Feeling emboldened by a nasty break-up, I decided to completely revamp my dating life. But where to start? The first obvious step in dating is meeting men, but where does a nearly-40 girl meet eligible men? Turns out, there are really three places: online, on blind dates, and “organically” (making connections with men I see as I go about my day). I’m not the bravest girl, and am actually somewhat shy, but I thought, why not? Why not go for a dating experiment, spending one week focused on each of these ways to meet men, with a week off in between… thus, Jen’s Dating Experiment was born, perhaps the best and worst idea I’ve ever had.
Week one is online dating. I jumped in, feet first, and here’s what happened.
Day 1: Creating my online profiles
I gathered my most flattering photos, and jumped online to spend four hours creating 7 online dating profiles. Why can’t I copy and paste my profile information from one profile on one site to the others, too? I registered with Fellody, eHarmony, Match.com, Perfect Match, OK Cupid, Plenty of Fish and Zoosk. That’s a lot of dating sites, I know, but if you’re going to do it, do it all the way, right?
Before I even finished posting my profile on Plenty of Fish, I had three messages in my inbox. Within half an hour of posting on eHarmony and Match.com, I had several messages there too. Sadly, eHarmony and Match.com charge a pretty stiff monthly subscription fee (about $40 each) to see your messages or to respond to them, or to contact anyone you happen to be interested in. I felt bad for not being able to respond to the poor guys who were interested on Match.com and eHarmony, so I deleted my profiles.
Truthfully, I wanted to delete my profile from Plenty of Fish, but I vowed to give it a chance. Why, you ask, was I so ready to delete my profile after only one hour? Because every single one of the messages I got that first day were creepy. And weird. And creepy. But, I figured, that’s what the delete and block options were for, right?
Setting up my Fellody account was easy, and I absolutely love the idea of the site — you’re matched to guys based partially on your musical tastes. You upload your iTunes library list. Then Fellody does the rest. The site is vibrant and colorful, and I wish I could say more, but I never found anyone close enough to me to make a match. (I have to admit I love the idea of having Groupies, though I'm not sure yet what those are.) My nearest match lives in Cleveland, Ohio.
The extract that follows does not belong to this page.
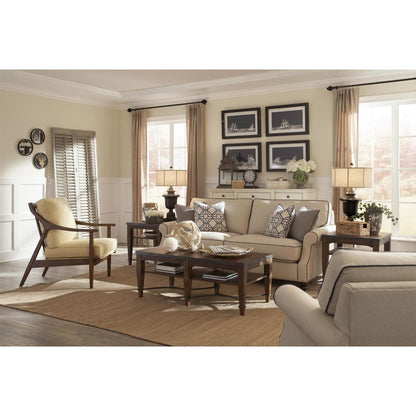 Trisha Yearwood Home Ginkgo Cocktail Table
But I really like the site, so I’m leaving my profile in the hopes that someday soon, it will gain popularity outside of Europe, which is where most of the users are right now.
Next, I tried Perfect Match. Again, it’s very easy to register, but there don’t seem to be many users, at least not near me. I decide to leave my profile up anyway. Same with OK Cupid.
Then, there’s Zoosk. It was impossible to complete my profile. When the site sent my confirmation/verification email, I clicked on the link and got the strangest error message, something about not having any ice cream. Whatever. I did a little research and found that Zoosk also requires you to pay a subscription fee to contact other users, so I didn’t even attempt to complete my profile there.
At the end of today, I have four online dating profiles. Let the fun begin!
Day 2: Meet the Creepsters!
Okay, I can’t handle any more of the creepsters on Plenty of Fish. I’ve gotten, literally, about a hundred messages from guys who think it’s appropriate to start a conversation with me by saying “hey sexy,” or worse. I decide to take a break from my inbox and start doing a little searching on my own. I comb through my potential matches and, after an hour, I have three potentials. I add them to my “favorites,” not realizing they’re informed of this. One of these cuties contacts me. We message back and forth, and he asks me to meet for coffee… in an hour. Should I go for it, or, against my spontaneous nature, play a little hard to get? I decide to meet him and he IS cute. And nice. And articulate. After our coffee date, I give him my card. Then I get home, log back in to Plenty of Fish, see several more messages (one asking me for nude photos), and impulsively delete my account here. I can’t take it anymore. It’s a sewer here.
Still nothing from Perfect Match or Fellody.
One message from someone on OK Cupid. I look at the site a little more closely, since this may be my last active site for the rest of the week. It’s not bad. I like their matching system. Hmm.
Day 3: Getting Used to It
Dinner date with the ONE guy from Plenty of Fish. I like him more than he likes me, which is a very good sign, actually.
A few little hits on OK Cupid. Nothing too impressive. I’m still day-dreaming about the guy, the one from Plenty of Fish. Enough, Jen!
Day 4: Weeding Through the Weirdos
Still day-dreaming about Plenty of Fish guy. But I have work to do, and since he’s not too attentive, I’m assuming he’s not as into me as I am into him. That’s okay. I still like flirting with him via text message, and who knows where it could go? I run a background check on him, and stalk him on Facebook, just to make sure he’s not holding back because he’s got something to hide. Nope, he doesn't.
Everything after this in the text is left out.